The CMB-ML library provides a set of tools to manage these pipelines in a modular way. Each tool focuses on a specific task, such as handling data files, managing file paths, or defining pipeline stages. Together, they simplify building and maintaining complex workflows.

In the [previous notebook](./E_CMB_ML_framework.ipynb), I built up to a single stage of a pipeline. In this notebook, I look at how the pipeline can be assembled.

## Contents

View this notebook with [nbviewer](https://nbviewer.org/github/CMB-ML/cmb-ml/tree/main/demonstrations/F_CMB_ML_pipeline.ipynb#Introduction) (or in your IDE) to enable these links.

This notebook continues with the running [Example](#Example) from the previous notebook. It introduces two components of the CMB-ML library that exist outside the context of an individual stage, managing the whole pipeline instead:
- [PipelineContext](#PipelineContext): Manages the Executors in a pipeline
- [LogMaker](#LogMaker): Sets aside information used throughout the pipeline

A short [Conclusion](#Conclusion) wraps up and provides a segue to the next notebook. This notebook is mercifully shorter.

## Example

This notebook continues with considering the same simple task: converting a power spectrum to a map.

There are two stages. The first writes a power spectrum to the dataset as a text file. The second reads that power spectrum data and produces a "CMB" map.

(In the previous notebook, you may not have noticed the first stage running, because it was hidden in the "helper module." Almost all the code for this notebook is included.)

I do recommend looking through the Set-Up section, as some minor changes have been made to the Executors.

There is still a helper module, but it only contains import statements for use by the LogMaker object (the LogMaker was written with the assumption it would be called from a module).

## Set-up

In [None]:
import os

# Set the location of the data directory
os.environ["CMB_ML_DATA"] = "/data/jim/CMB_Data"

In [2]:
import logging
from hydra import compose, initialize
import numpy as np
import healpy as hp

from cmbml.core import BaseStageExecutor, Asset
from cmbml.core.asset_handlers import TextPowerSpectrum, HealpyMap

I'll use a logger this time, instead of `print()`.

In [3]:
logger = logging.getLogger("F_Tutorial")
logger.setLevel(logging.DEBUG)

# Outside of a notebook, Hydra will handle the logging. 
handler = logging.StreamHandler()  # StreamHandler sends logs to sys.stdout by default
handler.setLevel(logging.DEBUG)
logger.addHandler(handler)

These are the executors used previously.

In [4]:
class MakePSExecutor(BaseStageExecutor):
    def __init__(self, cfg):
        super().__init__(cfg, stage_str="ps_setup")

        self.out_cmb_ps: Asset = self.assets_out["cmb_ps"]
        # I note the handler for assets.
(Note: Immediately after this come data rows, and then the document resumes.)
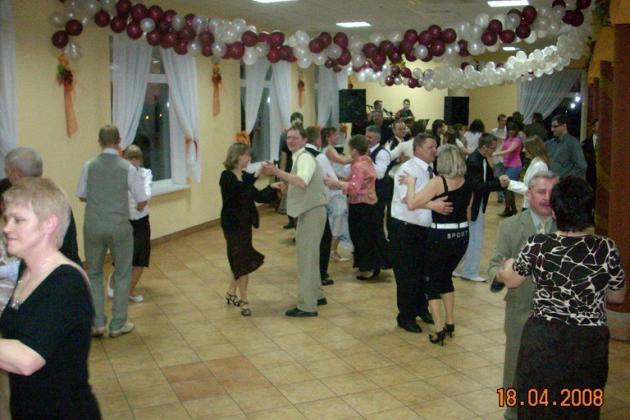 Bal integracyjny chórów 19.04.2008r.
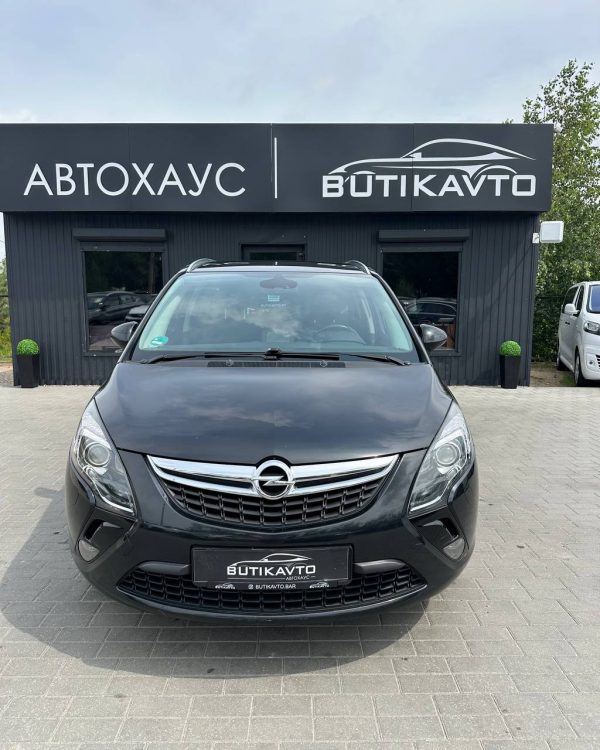 Opel Zafira C - Image 2
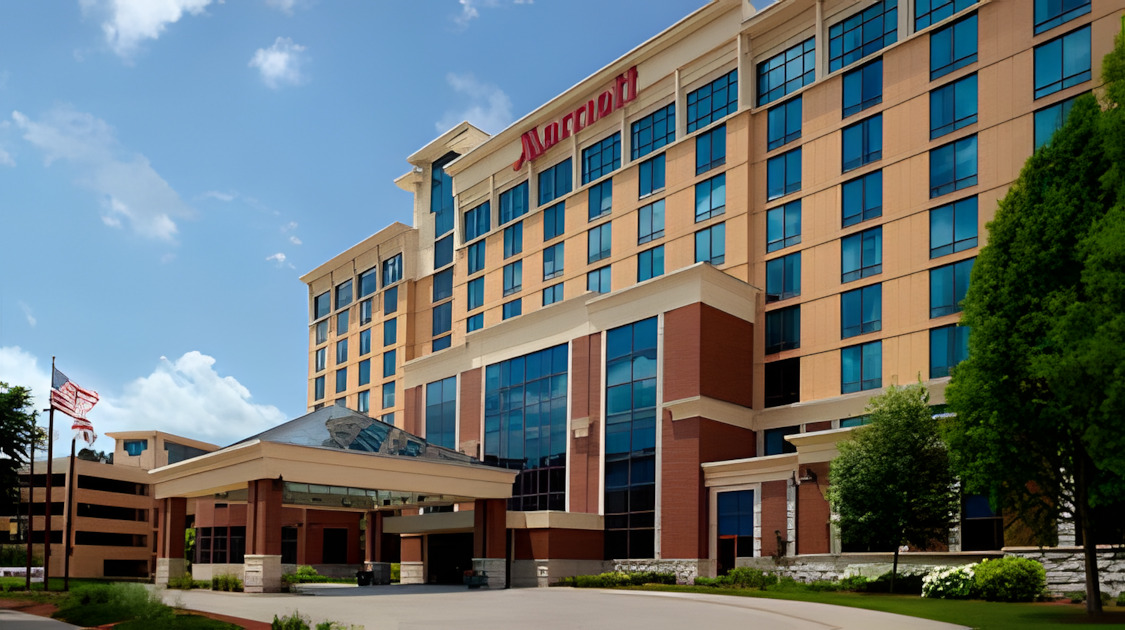 Photo of Bloomington-Normal Marriott Hotel & Conference Center, Normal, IL
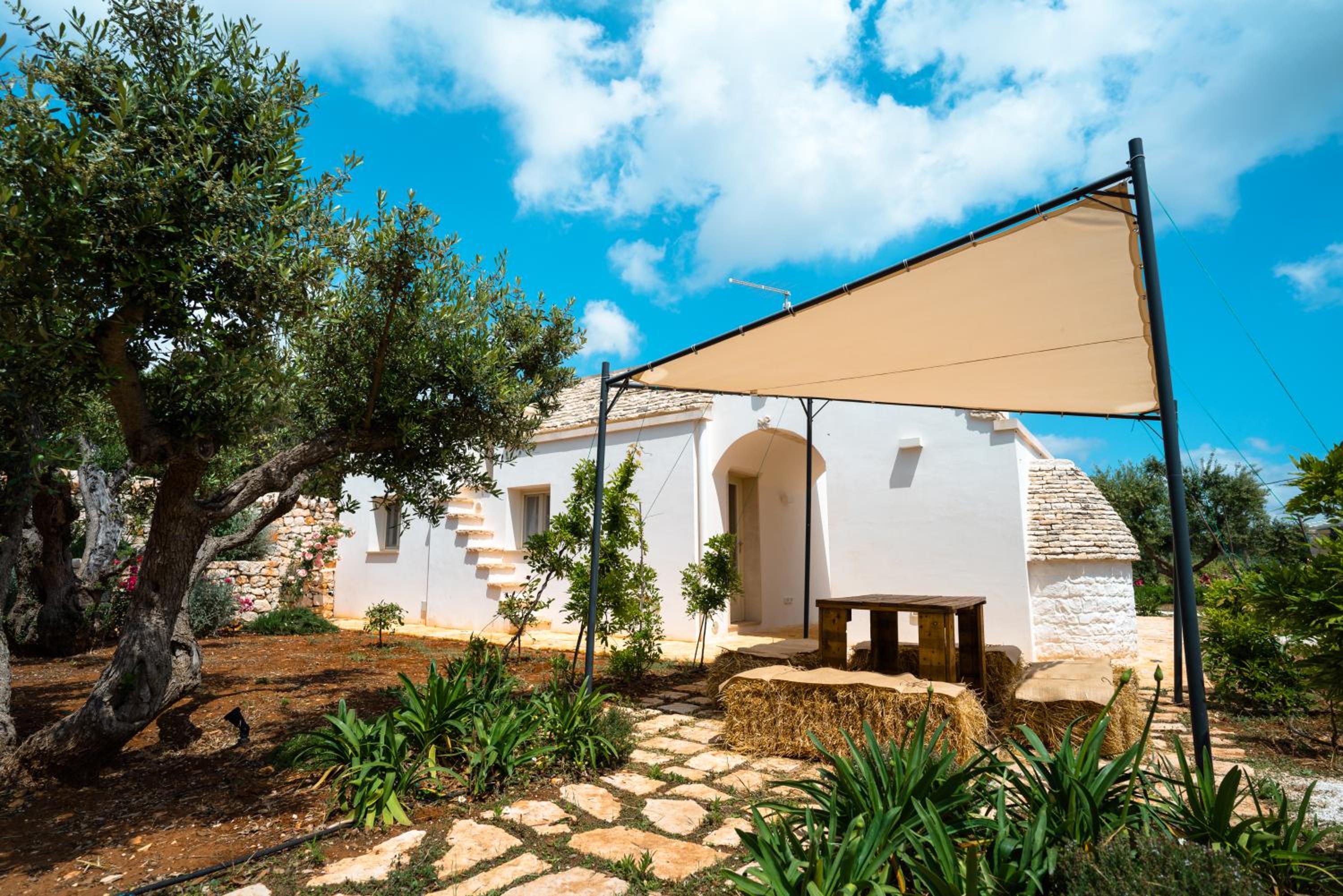 Trulli Audendum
When using an IDE, this makes
        #   it easier to navigate to the handler's code.
        out_cmb_ps_handler: TextPowerSpectrum

    def execute(self):
        ell = np.arange(200)
        # This is a naive model for the CMB power spectrum.
        #   It's just a polynomial fit up to ell=200 for the 
        #   Planck 2018 power spectrum.
        cheap_model = [ 1.51935454e-13,
                       -1.33044280e-10,
                        4.87473463e-08,
                       -9.68198860e-06,
                        1.12257186e-03, 
                       -7.62816561e-02,
                        3.00276536e+00, 
                       -4.49411282e+01,
                        1.04893659e+03]
        ps = np.poly1d(cheap_model)
        self.out_cmb_ps.write(data=ps(ell))
        logger.info(f"CMB power spectrum written to {self.out_cmb_ps.path}")

In [5]:
class PS2MapExecutor(BaseStageExecutor):
    def __init__(self, cfg) -> None:
        super().__init__(cfg, stage_str="ps2map")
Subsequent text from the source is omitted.